You already benefit from the use of artificial intelligence every day, whether you know it or not.
Any movie Netflix recommends for you is selected by machine learning algorithms. Product suggestions on Amazon use AI to predict what you’ll want to buy next. Spotify relies on machine learning to craft the ultimate personalized playlist based on your exact music tastes.
In each case, AI learns your preferences from data on your activity, behavior, and purchases, as well as what people who are similar to you have done. Then, it customizes and personalizes your buying experience. The technology repeats this for millions of other consumers, offering a one-to-one experience at scale.
In fact, AI has been used so successfully by B2C companies that we now expect this type of uber-personalized experience as standard from brands.
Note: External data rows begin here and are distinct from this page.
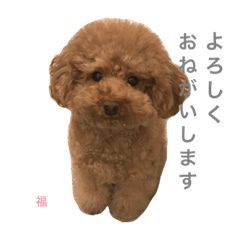 [LINEスタンプ] トイ・プードル☆fuku☆
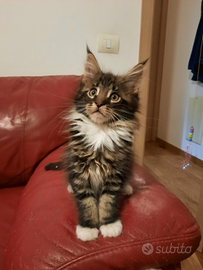 Maine coon cuccioli pedigree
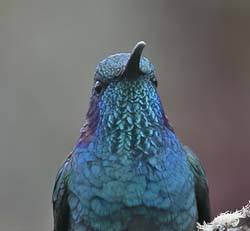 Green Violetear Photo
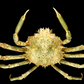 Contracted Crab (Hyas coarctatus) | Preserved Crab Specimen | Real Marine Crab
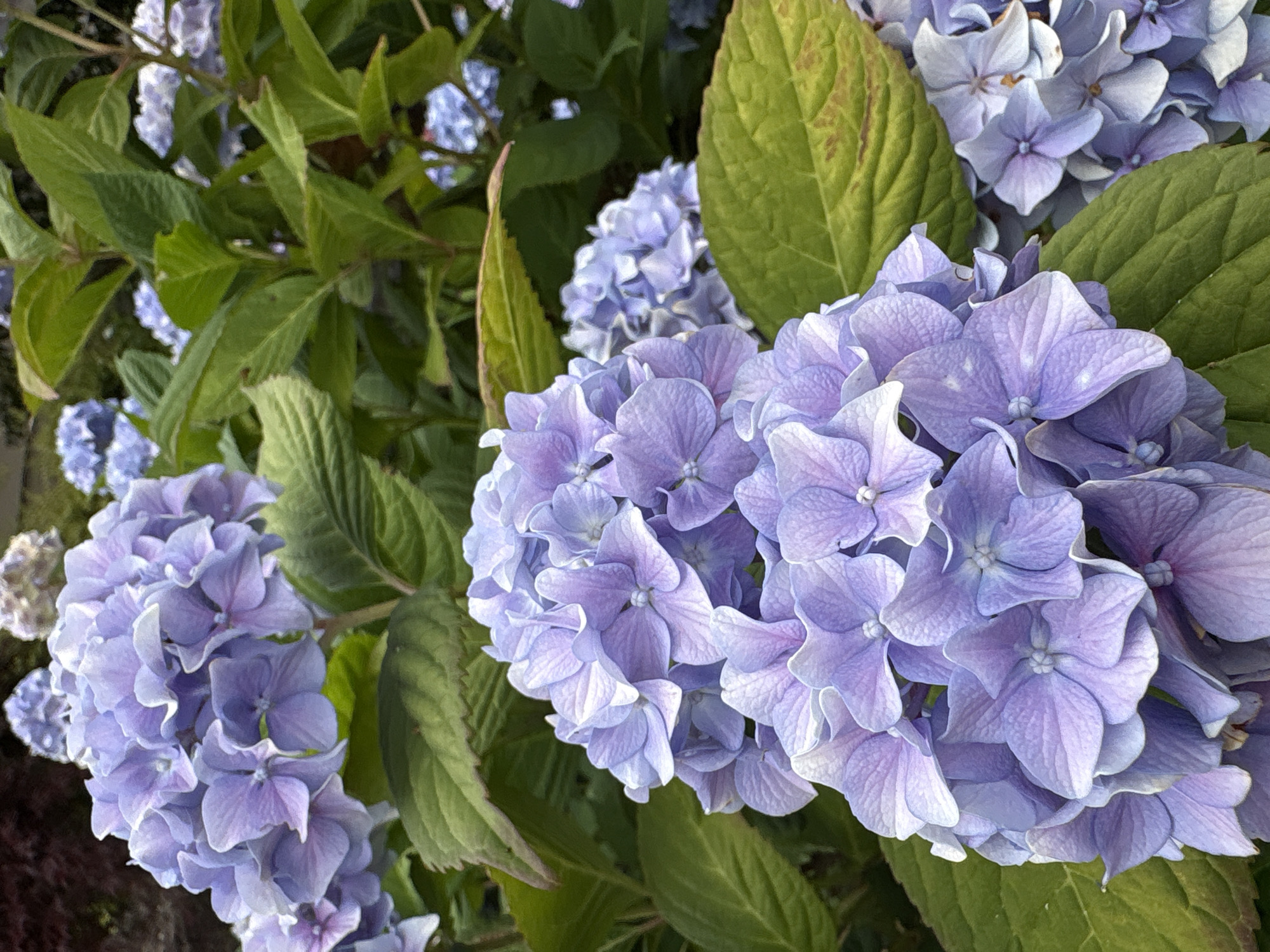 A close-up shot focuses on several clusters of lavender hydrangeas in bloom. The flowers are a soft purple with lighter white centers. Green hydrangea leaves surround the blooms. The background is blurred, showing more hydrangeas and foliage. The image does not contain any discernible location information within the city of Beaverton, United States of America. There are no people, actions, or interactions depicted.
Why does this matter to B2B marketers?
Consumers live in the B2C world of Netflix, Amazon, and Spotify. But they expect to get the information they need, when they need it, on-demand—regardless if they’re buying B2C or B2B.
This type of personalization at scale is available only with artificial intelligence.
Which means if you’re a B2B marketing leader, you’d better be thinking about how to use AI in your operations.
Here’s why.
Buyers are in more control than ever.
Across B2C experiences, consumers want to select great recommendations for content and products on their own, in their own time and in their own way. The best brands point out recommendations, but they don’t hold your hand.
When you surf Netflix, you’re offered a seamless set of content recommendations that help you decide what to watch next. On Amazon, you’re painlessly offered new products while viewing what you initially came to the site to buy. These two experiences, and hundreds of others by top B2C brands, are defined by a lack of friction.
Buyers face zero confusion about what to watch, buy, or view next. They’re completely in control. And that behavior is increasingly seen in B2B buyers as well.
According to Forrester, 68% of B2B buyers prefer gathering information online, on their own, up from 53% in 2015. Meanwhile, only 16% find interacting with a sales rep superior to independent research. And the latest Gartner research shows that buyers are spending 67% of their time doing that independent research and meeting with their buying committee, but just 17% of their time meeting with potential vendors.
To put buyers in control, you need to know what they want. The only way to learn that is by analyzing consumer data, then acting on that data at speed and scale. This is what AI technologies excel at, and what they do is impossible for humans to do manually.
For Netflix and Amazon customers, AI offers the promise of hyper-personalized journeys that adapt to changing buyer needs almost in real-time. B2B consumers demand the same level of personalization and control that they do when purchasing in the B2C space.
So why should B2B buying experiences be any different than highly personalized B2C ones?
The simple fact is: They shouldn’t.
In B2C, AI is also able to surface insights humans never knew existed in the first place. Thanks to AI’s ability to process large amounts of data, this technology can find new audiences and preferences that are hidden to the human eye.
That’s why Spotify surfaces songs that become your new favorites, though you never would have listened to them on your own. Netflix does the same thing with movies. And Amazon finds relationships between products and buyers that human analysts would have missed.
This isn’t limited to B2C companies. B2B brands have the ability to leverage AI to learn what they don’t know about consumers, too. These types of insights drive revenue and engagement, and they provide an incredible competitive advantage to the brands that leverage them first.
It’s not just about the fact that buyers are in control or that AI can tell you more about buyers than humans can. It’s about the fact that there’s just too much friction in the B2B buyer journey without AI.
That’s because many B2B buyer journeys are still manually created by marketers who are guessing what buyers want. Often, they get it wrong, which leaves buyers without the information they need or being prompted to fill out forms they don’t want to fill out.
It’s unfair to consumers and it’s unfair to B2B marketers. Today’s digital, multi-channel B2B buyer journeys have near-infinite combinations of paths and outcomes. B2B marketers don’t stand a chance of untangling this complexity on their own.
But, just because it’s unfair doesn’t change the outcome.
Every time B2B marketers fail to reduce friction during the journey, revenue potential suffers.
This is taken as gospel truth in the world of B2C. If your buyers aren’t in control and your journey is full of friction, you’re leaving money on the table.
Why should B2B marketing be any different?